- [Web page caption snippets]
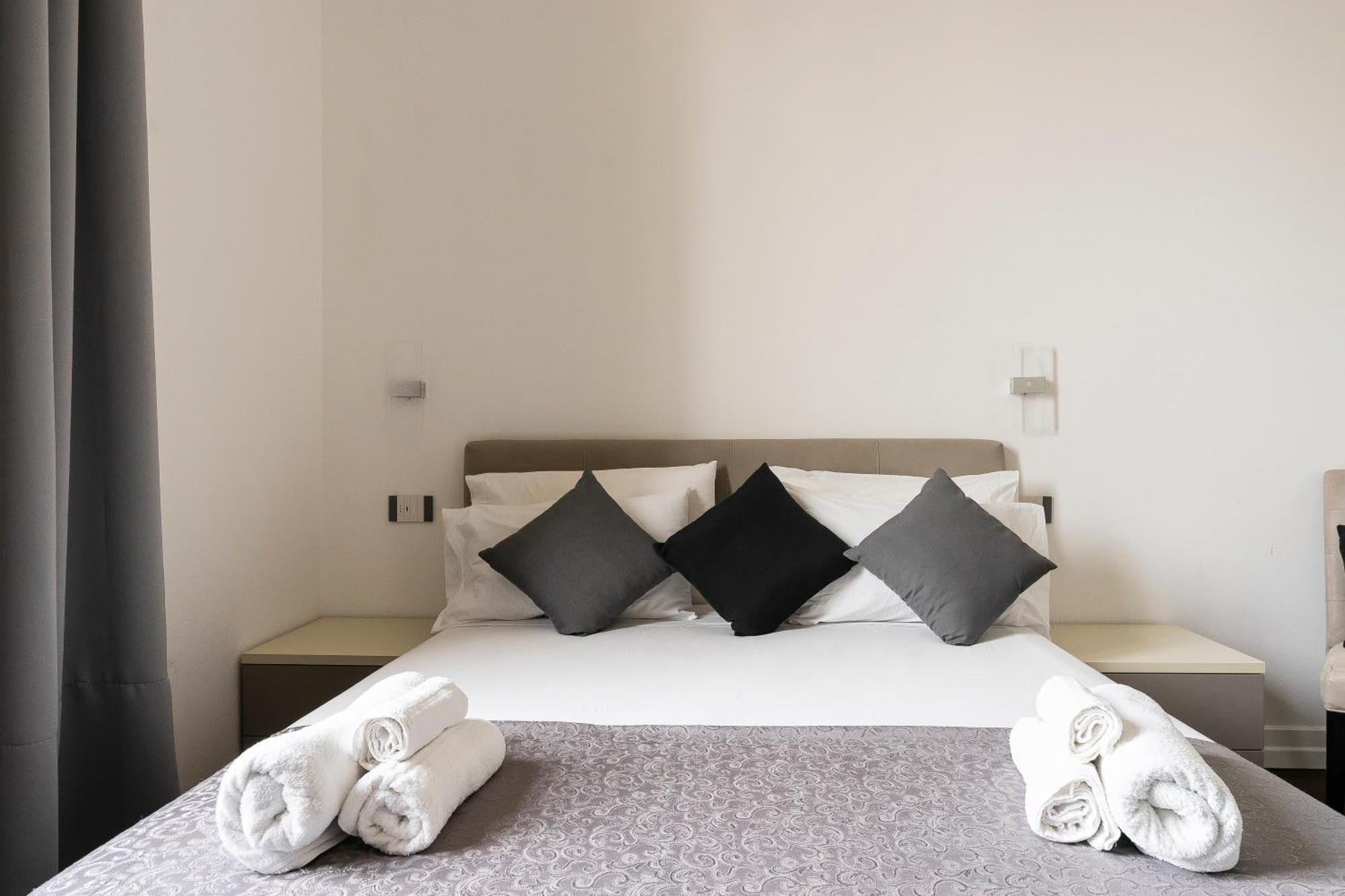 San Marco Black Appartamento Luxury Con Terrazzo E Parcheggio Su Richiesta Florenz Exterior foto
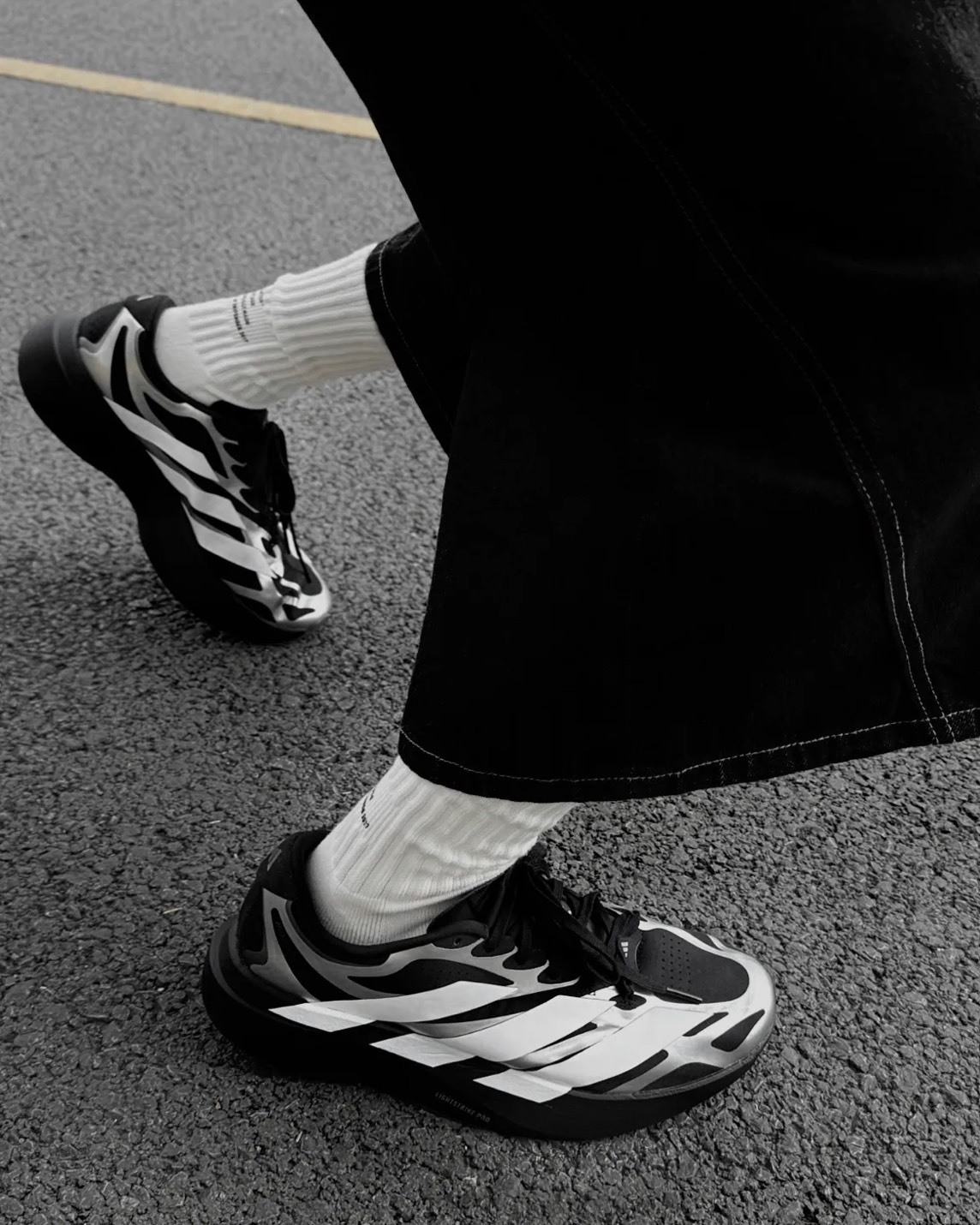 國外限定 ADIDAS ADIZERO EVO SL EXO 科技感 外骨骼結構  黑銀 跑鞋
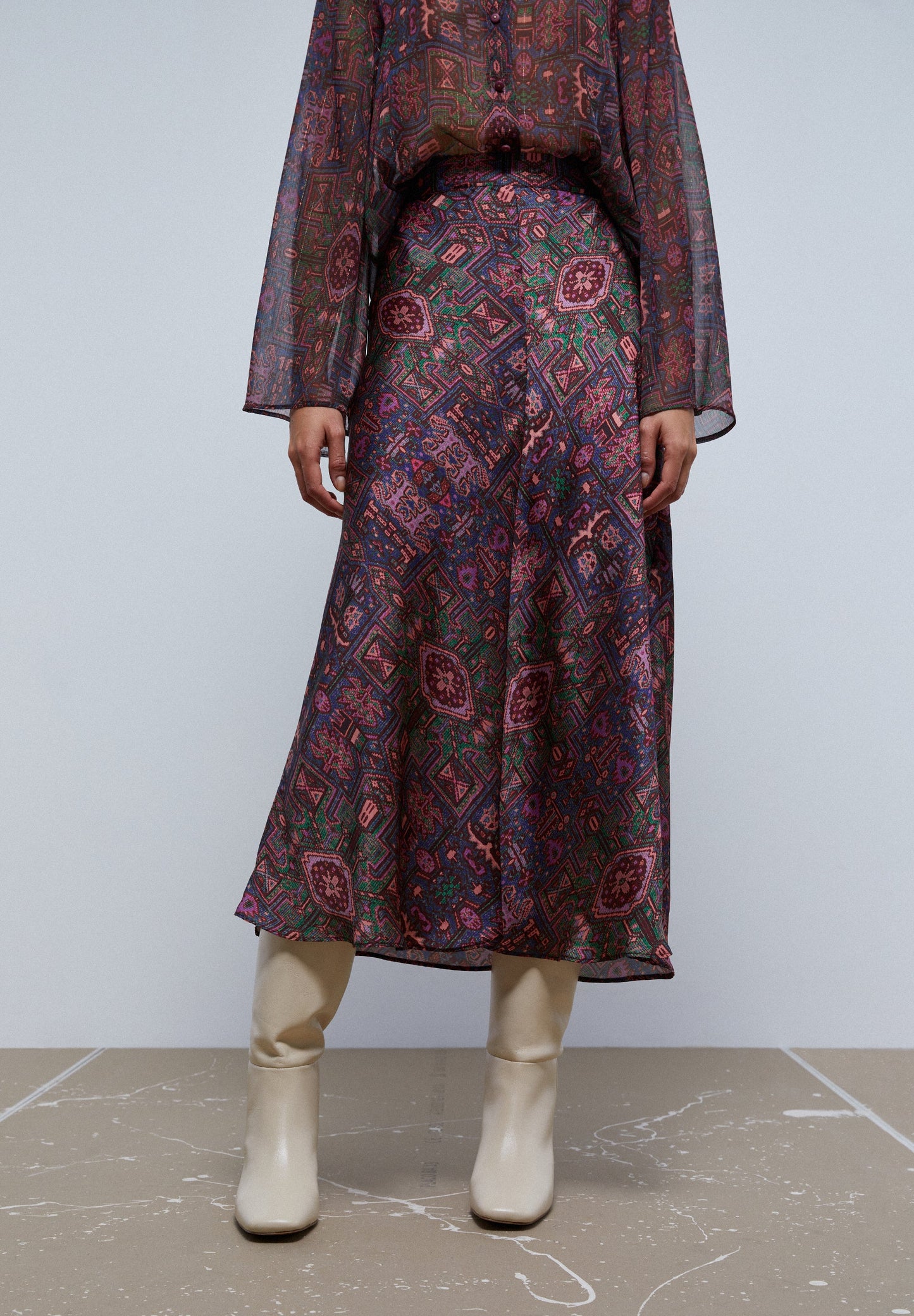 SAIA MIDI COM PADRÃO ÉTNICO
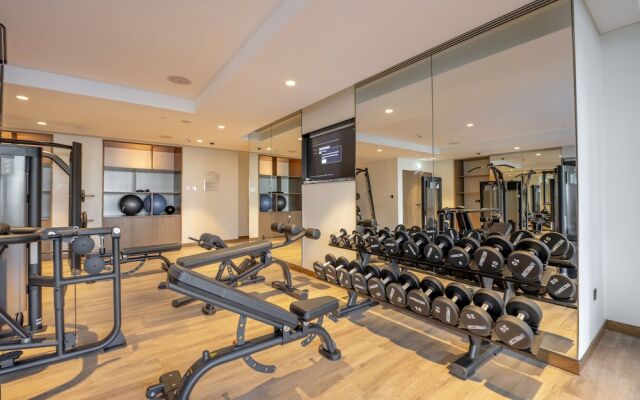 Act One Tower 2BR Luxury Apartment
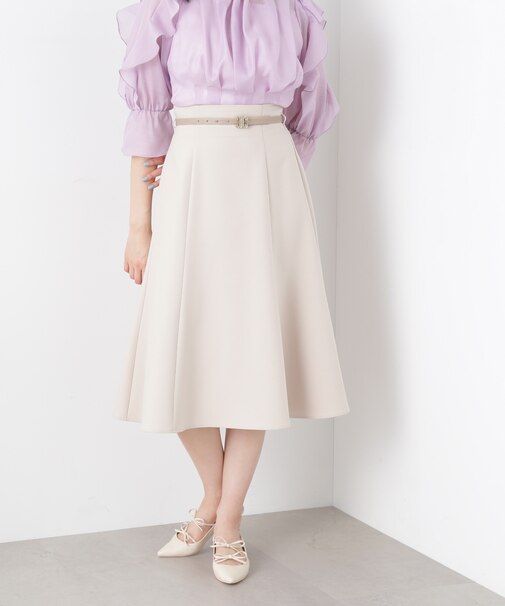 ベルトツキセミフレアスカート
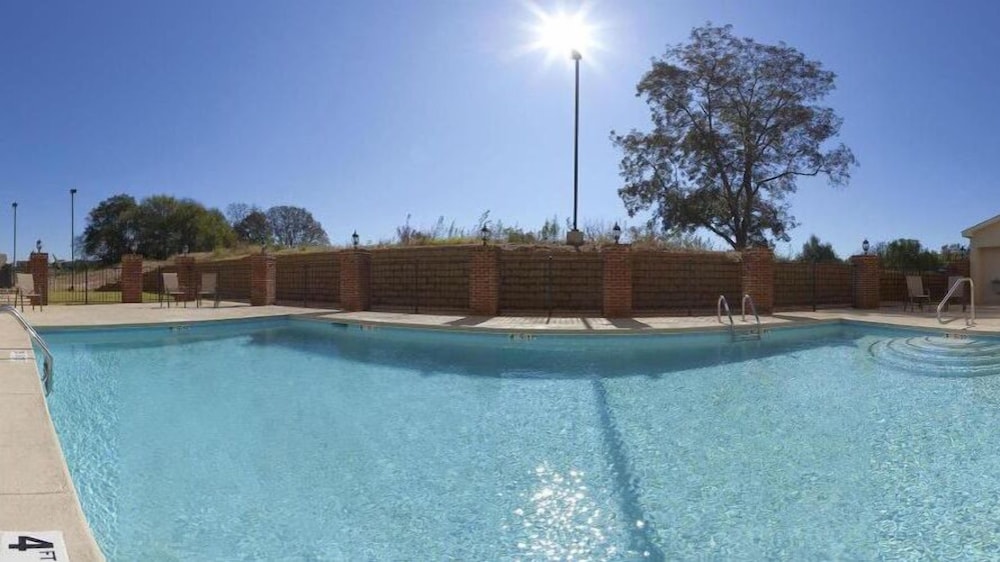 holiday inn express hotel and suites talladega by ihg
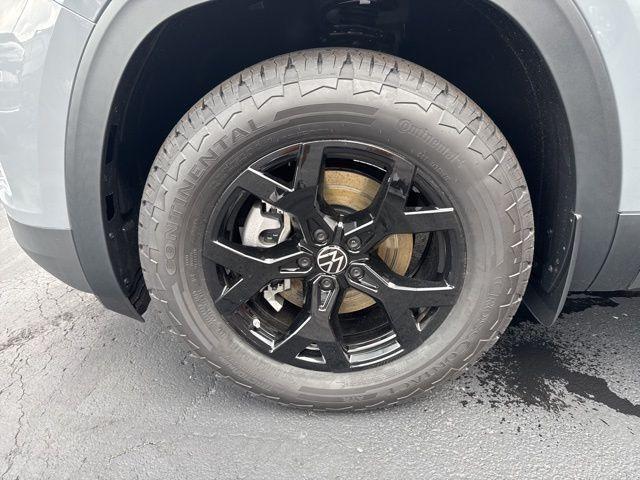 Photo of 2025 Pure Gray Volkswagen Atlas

- [ACTIVITY]
Write the entries out in full and exactly, omitting every picture.

- [EXPECTED ANSWER]
 San Marco Black Appartamento Luxury Con Terrazzo E Parcheggio Su Richiesta Florenz Exterior foto
 國外限定 ADIDAS ADIZERO EVO SL EXO 科技感 外骨骼結構  黑銀 跑鞋
 SAIA MIDI COM PADRÃO ÉTNICO
 Act One Tower 2BR Luxury Apartment
 ベルトツキセミフレアスカート
 holiday inn express hotel and suites talladega by ihg
 Photo of 2025 Pure Gray Volkswagen Atlas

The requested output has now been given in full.